Embarking on a startup journey is like exploring the unknown. It could feel like a quest with uncertainties and unpredictability. But a profound sense of discovery remains. It is about more than just finding out new information; it is about gaining a new perspective. As a startup co-founder, I have come to realise the importance of one tool that has helped me navigate this unknown territory: a well-defined problem statement.
A problem statement is a clear description of the user’s need that should be addressed.
- Chefadora’s Initial Challenges
- Redefining Our Approach
- How to Write an Effective Problem Statement
- Characteristics of an Effective Problem Statement
- In a Nutshell
More from ‘UX for Startups‘:
Chefadora’s Initial Challenges
When I first conceptualised Chefadora a few months ago, I thought I had a clear understanding of what I wanted to achieve. As a UXer, I was well aware of the concept of creating a problem statement. Surely we had one, but I now realise that it was superficial at best. Our focus was skewed towards the solutions and features we could offer, not the core issues and feelings our users were experiencing. Looking back, our product, although structurally sound, lacked a soul. As new startup owners with an eagerness to build, we lost sight of our guiding principle. Our initial approach was fundamentally flawed. We were building solutions in search of problems, not the other way around.
Facing stagnation in our growth, we implemented various strategies – enhancing our content and messaging, revamping our social media approach, and even spending more on marketing. Despite these efforts, the metrics remained unmoved, leading us to the realisation that our issue was more deep-seated, possibly stemming from a product design that wasn’t compelling users towards desired actions.
Redefining Our Approach
This prompted us to return to basics. We revisited our problem statement, and it was immediately apparent that it was rather shallow. This could have been due to our inexperience or perhaps our eagerness to jump into product development.
Resolved to delve deeper into the fundamental issues our users face, our subsequent brainstorming sessions brought to light a wealth of previously unconsidered ideas. We realised the pivotal role of a well-defined problem statement in shaping not only the product but also the sales and marketing strategies.
How to Write an Effective Problem Statement
Here is the methodology we followed to create our problem statement:
- Metric Identification: We began by pinpointing the exact metric that we were struggling with.
- Root Cause Analysis: Instead of merely treating the symptoms, we went in search of the underlying cause, performing a deep dive into the core of the issue.
- User Identification: This phase was about understanding our audience better. Who were the people truly affected by the problem? This insight helped us refine and narrow down our primary user base.
- Journey Mapping: By dissecting the user’s journey, we could identify the exact touchpoints where the challenges arose.
Characteristics of an Effective Problem Statement
During this process, I recognised a few fundamental attributes that a problem statement should and should not contain:
- A problem statement should not be a list of unrelated problems. The statement should be focused on one problem. It might be inefficient to tackle a lot of problems at once.
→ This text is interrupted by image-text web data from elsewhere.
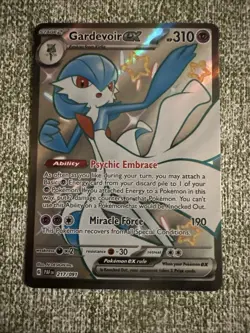 Gardevoir ex 217/091 Holo – SV: Paldean Fates - Pokemon TCG NM - Image 1
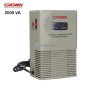 Stabilisateur électrique, régulateur de tension FLR-2000 VA entré 140-260V sortie 220V ± 10% CROWN |CT34055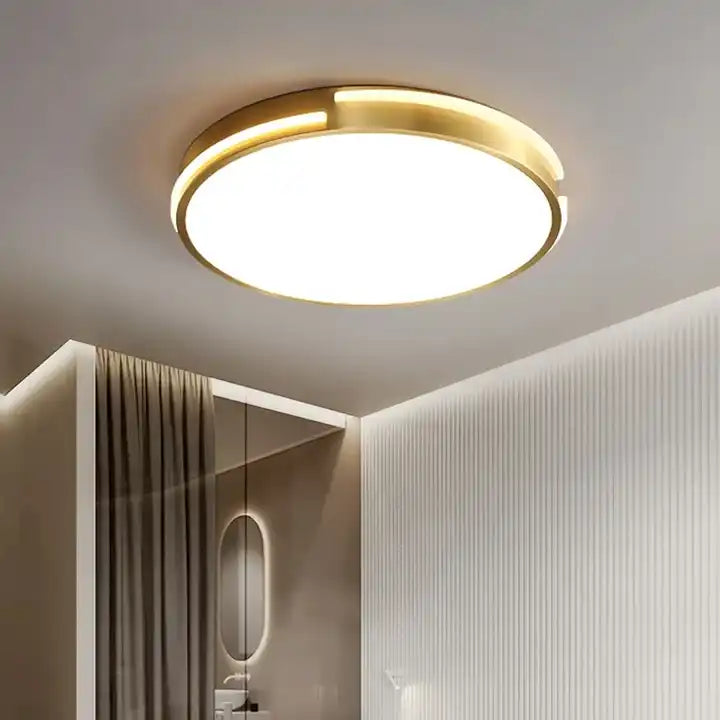 Circular LED Ceiling Light – Modern Design  HT-1035-1 16"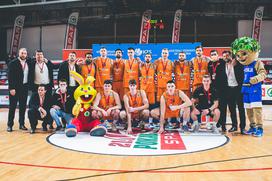 Helios Suns : Cedevita Olimpija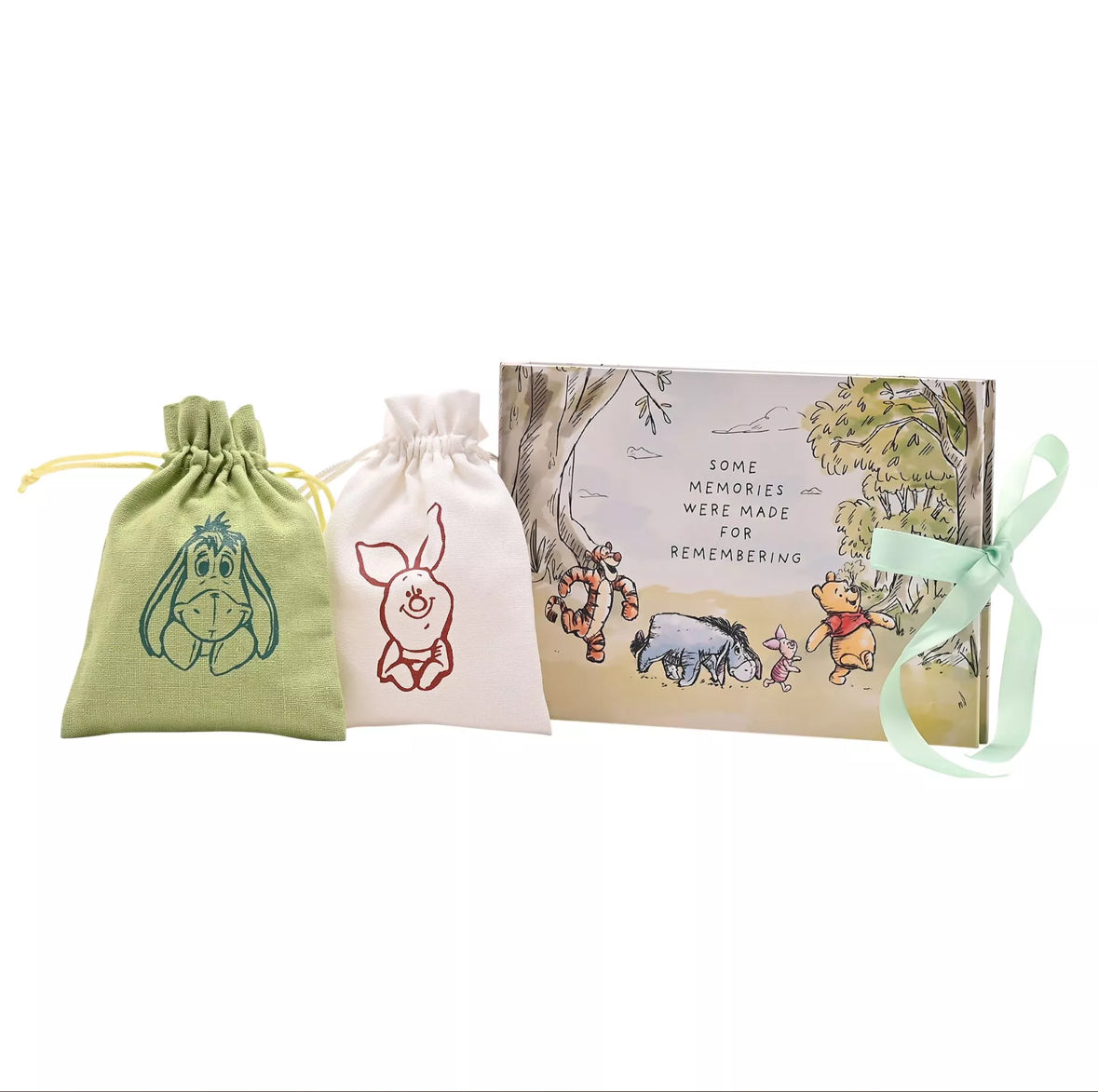 Disney Baby Keepsake Box Photo Album & Bags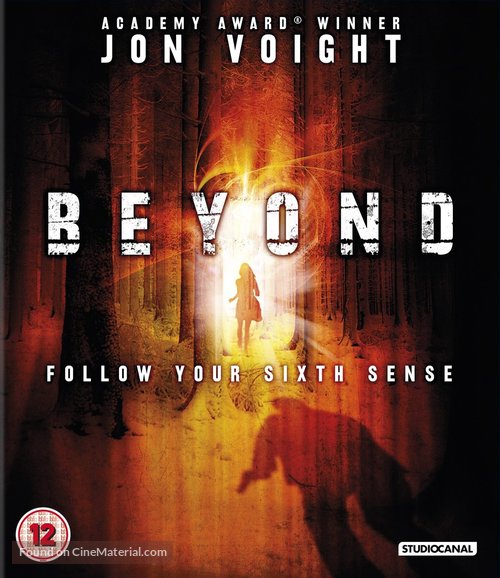 Beyond - British Blu-Ray movie cover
- A problem statement should not focus on solutions.
- A problem statement should be brief, a few sentences at best. All team members should be able to easily understand the key focus and what might be out of scope. It is best to discuss and re-draft the problem statement with others if needed.
Interestingly, a problem statement need not always be the Negative Nelly. It can be a powerful tool to highlight potential opportunities and growth areas.
In a nutshell
Our new problem statement is now more than just a declaration of intent; it is our north star. It helped us to realign our focus to our mission: solving real problems for real people.
So, here’s a piece of advice from one startup owner to another:
a comprehensive problem statement can make the difference between being lost and carving a meaningful path. Let’s focus not on finding solutions, but on uncovering the right problems.